**Recorded data:**
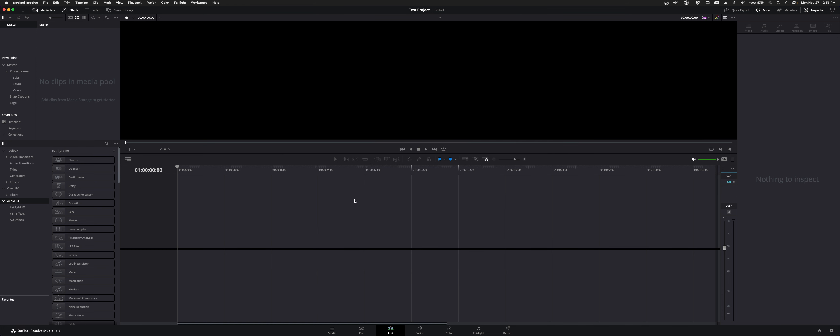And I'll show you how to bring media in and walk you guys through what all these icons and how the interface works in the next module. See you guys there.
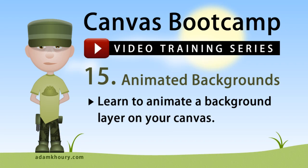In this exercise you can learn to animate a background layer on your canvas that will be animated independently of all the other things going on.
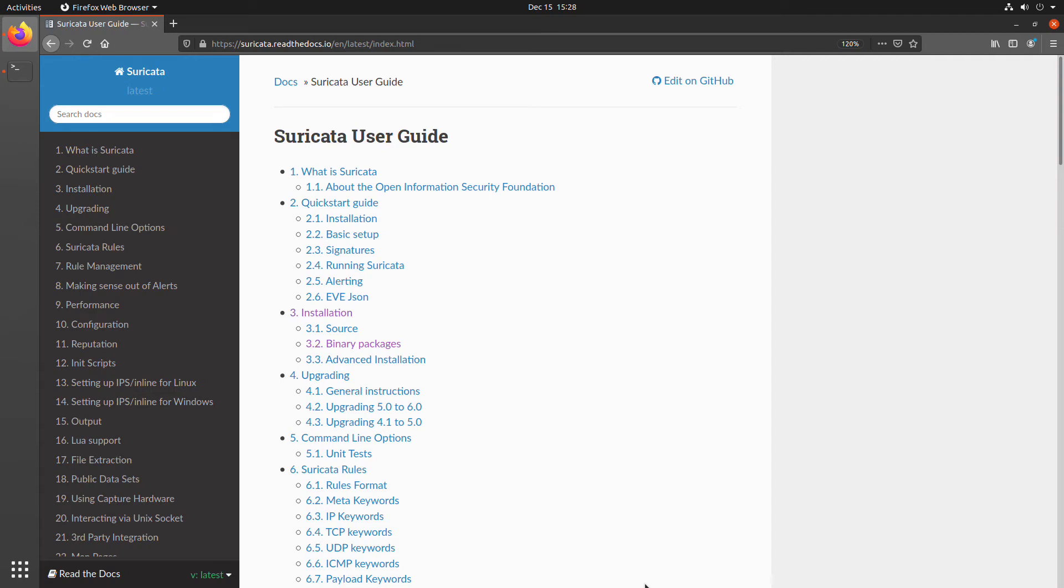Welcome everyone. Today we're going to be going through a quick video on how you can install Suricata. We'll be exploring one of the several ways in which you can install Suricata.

**Task details:**
Give the complete material again, exactly as written. Do not include the pictures.

**Task result:**
And I'll show you how to bring media in and walk you guys through what all these icons and how the interface works in the next module. See you guys there.
In this exercise you can learn to animate a background layer on your canvas that will be animated independently of all the other things going on.
Welcome everyone. Today we're going to be going through a quick video on how you can install Suricata. We'll be exploring one of the several ways in which you can install Suricata.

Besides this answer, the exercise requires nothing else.